Three weeks later, the section of the pedicle was performed after a positive pedicle clamp test. No postoperative complications occurred. Stable and thin coverage over the left hand dorsum was obtained, and aggressive postoperative rehabilitation was instituted right after the flap procedure. To further improve function and appearance, a debulking procedure was performed 2 years later (Fig. 3).
At present, the left allotransplant mobility is not limited by the flap, and the cosmetic result is good (See video, Supplemental Digital Content 1, which displays a preoperative aspect on the left and at 2 years post operation on the right, http://links.lww.com/PRSGO/A229). The donor-site morbidity is very low.
The important experience of the Lyon surgical team for hand allotransplantation1 combined with strict patient selection criteria has contributed to the absence of surgical failures.
However, viewing the complexity of such a procedure, the absence of complication is almost impossible. This case report illustrates this with 2 episodes of ischemia, leading to the development of a full-thickness skin necrosis of the allotranplant.

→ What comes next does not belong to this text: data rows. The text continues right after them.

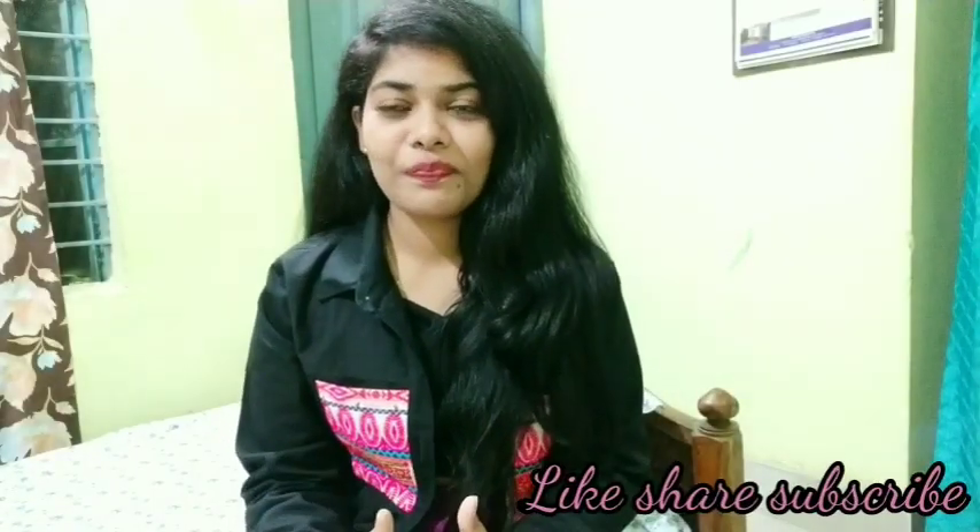Welcome back to my channel. I am Hina and I welcome you again. Today I have brought you my Myntra Footwear Haul, where I have purchased some shoes and footwear to share with you. Please like, share and subscribe to my channel. Let's move to the video.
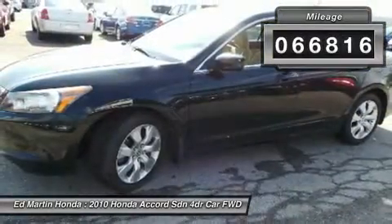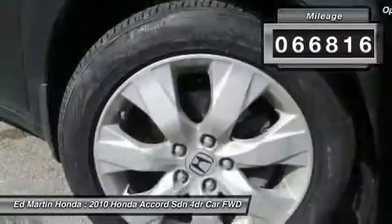This vehicle has less than 70,000 miles. Here are some of this vehicle's great options.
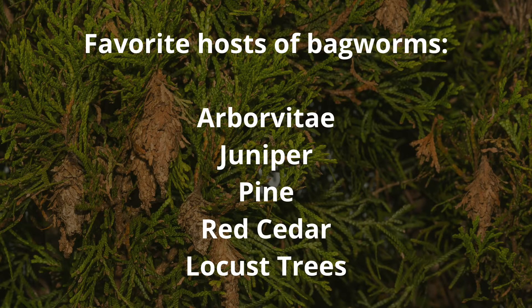Bagworms are most commonly found in evergreen trees and shrubs, but they can also infest deciduous trees. Some of their favorite hosts are arborvitae, juniper, pine, red cedar, and locust trees. Their damage causes defoliation, but also bronzing of evergreens, so you want to make sure to go out and check for those types of symptoms on your trees and shrubs.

The burn injury of the left hand dorsum was probably related to prolonged contact with the ice during transportation. The microvascular lesions created during the first procedure were probably revealed by the ischemia secondary to a radial and ulnar thrombosis.

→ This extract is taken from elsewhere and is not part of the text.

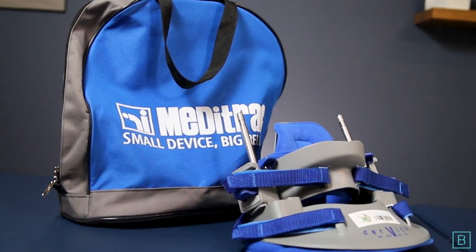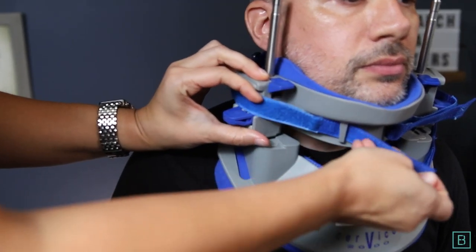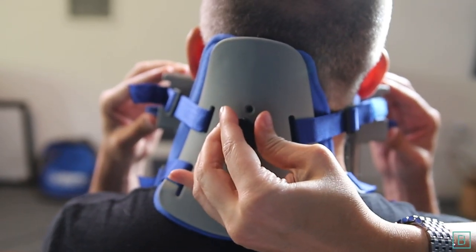The Cervico 2000 is a great way to counteract those forces. It's a spinal decompression device that enables your patient to be up and moving. It has micro adjustments, and it is, in my opinion, the future of spinal traction.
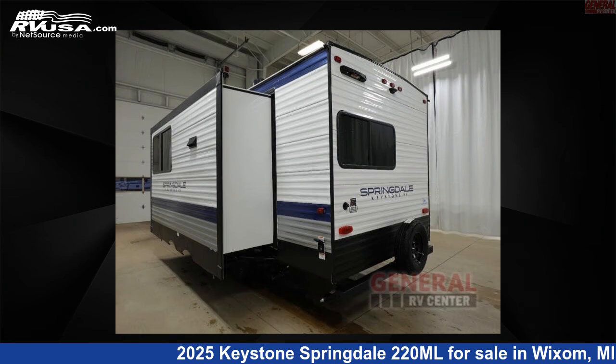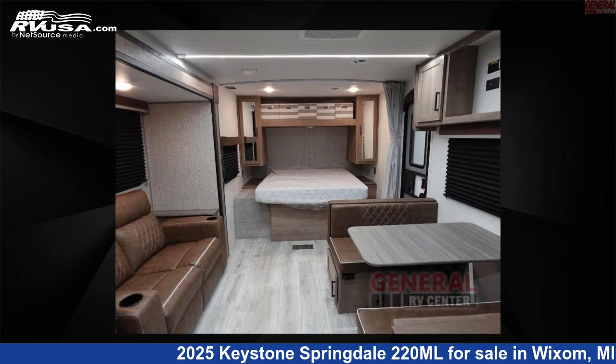Remember, this is an AI generated video of one of thousands of classified listings on RVUSA.com. If you're interested in this unit, visit the link in the video description to view more photos and the current price, or reach out to the seller.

The depth of the burn injury did not allow us to cover the soft tissue loss by a skin graft. The use of artificial dermis for the initial dorsal hand coverage failed and led us to consider using a flap.

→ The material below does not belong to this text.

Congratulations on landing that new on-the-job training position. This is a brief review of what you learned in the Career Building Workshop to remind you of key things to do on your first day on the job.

A homolateral locoregional flap was not possible, and given the vascular status of the allotransplantation, a free flap was deemed too high risk.
For all these reasons, a viable reconstruction with a pedicled groin flap was selected.
Described for the first time by McGregor2 in 1972, one of the major shortcomings of the groin flap is the thickness. In order not to impede the range of motion and therapy postoperatively, flap thickness has to remain limited.
For these reasons, flap elevation was performed under microscope magnification as described by Kimura and Saitoh3 in 2006 referring to the work by Acland4 in 1979 and Murakami et al5 in 1996.
The objective was to optimize the subdermal vascularization of the groin flap by conserving as many perforating vessels from the circumflex iliac artery as possible. Because of the operative microscope, the dissection was more precise and allowed the surgeon to keep the maximum of perforating vessels intact by the “worm-eating defatting” technique described by Kimura and Saitoh3 and Kimura et al.6
The thickness of the ultrathin groin flap was well comparable with the thin skin of the hand dorsum, particularly in the metacarpophalangeal region.7–10 There were no postoperative healing problems of the flap because of the reliability of the subdermal vascularization.
We have not found any reports of flap reconstruction for composite allotransplant in the literature. This case report is a meeting of 2 microsurgical evolutions: on one hand, composite allotransplantation and on the other, microsurgical debulking during flap elevation.
This case report has described the salvage of a composite hand allotransplant with a traditional flap. Technical refinements in microsurgery and knowledge of vascular anatomy have allowed optimization of the groin flap reliability and applications.
To our knowledge, this is the first case report describing the salvage of composite allotransplant using a pedicled groin flap.
The patient provided written consent for the use of his image.